China is a large, complex, and socially, economically and geographically diverse country of approximately 1.3 billion people. With a Gini coefficient (a measure of social inequality) that lies between 45 and 60, China is home to some of the richest and poorest people in the world (Cai 2012; Hodgson 2012; Yao and Wang 2013). (By comparison, South Africa has the highest economic inequality with a Gini coefficient of around 65, while Denmark is considered the most egalitarian society with a Gini coefficient of only 25.) Although its middle class is growing, the distribution of income, education, power, and disease is increasingly unequal (Sun and Guo 2012: 3—5). There are many important factors related to this which drive the spread of HIV.
The inequality which has characterised China’s social and economic development since the economic liberalisation reforms of the late 1970s has directly shaped the way HIV and AIDS have affected the nation. This inequality has also impacted on the ways in which the virus has been managed, narrated and become a problem of governance. Although the central government issues policies that call for consistent responses to HIV, their implementation varies across the country according to local will, area economic profiles, budgets, and the income and education levels of target audiences. The resources assigned to HIV diagnostic technologies, and clinical and HIV-based civil society programs are also unevenly distributed (Wan and Beijing Aizhixing Institute 2011).

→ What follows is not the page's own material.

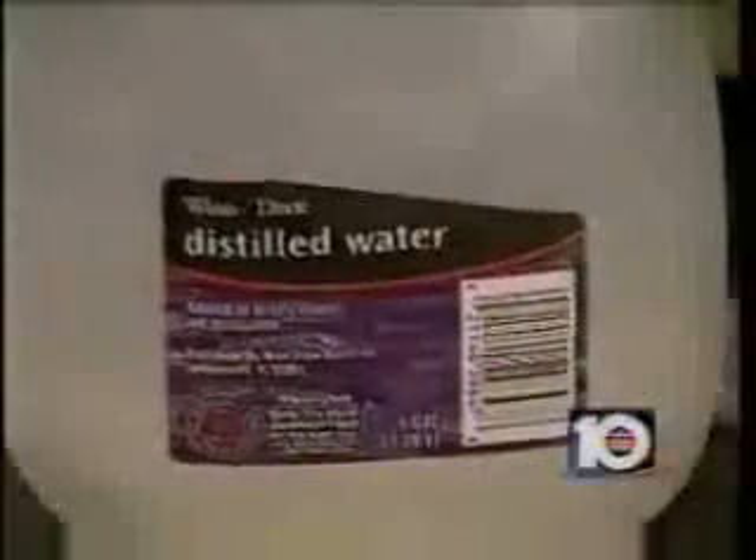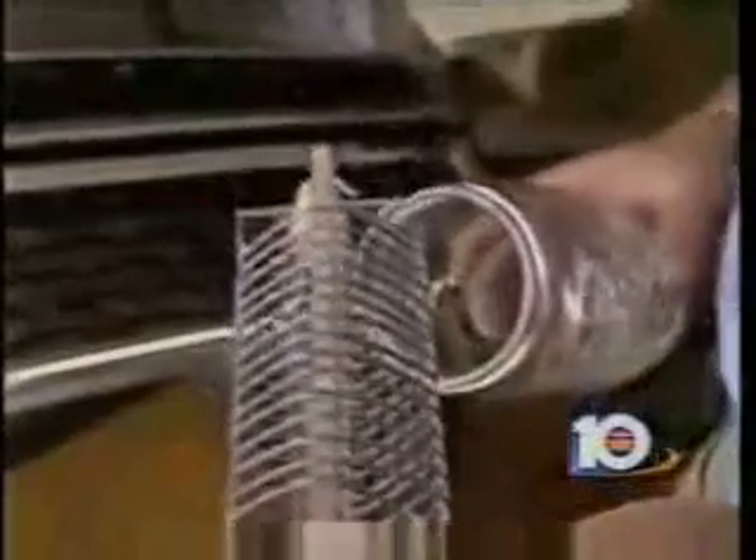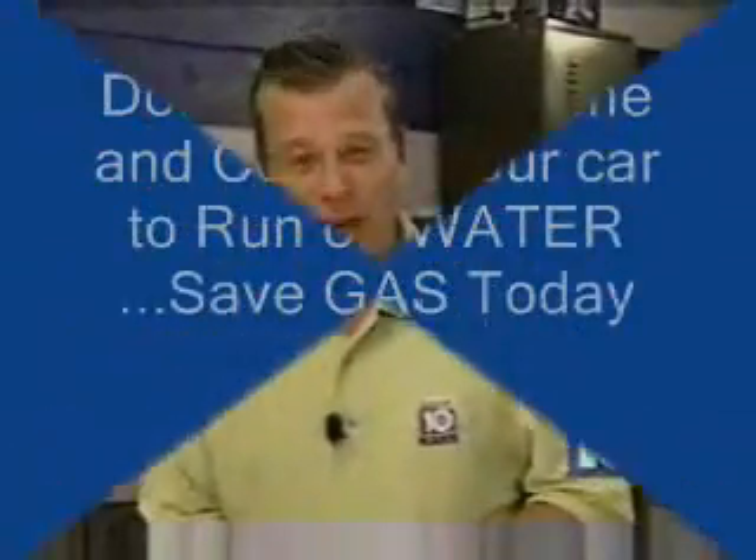I could use regular gas, which I could never use before. As far as maintenance, you add distilled water every six months and then you have to clean the coils. If you're mechanically and electrically inclined, you might be able to do it yourself. Here at Rosen's, this contraption will cost you about $995.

This problem of inequality, particularly where HIV is concerned, is shaped by the country’s sharp ethnic and class divisions. China is officially made up of over fifty recognised ethnic groups. The Han represent a significant majority, and are generally wealthier, more powerful, better educated and have lower infection rates than those from minority groups. Their more powerful ideologies have impacted on the transmission paths of HIV, as well as on the ways in which HIV is studied, researched, detected, and communicated in social and public health discourses. Assumptions about the value and character of peasants and minority cultures have influenced HIV policy and responses (Hyde 2007), as well as the representations of HIV in public health and consumer media (Hood 2011).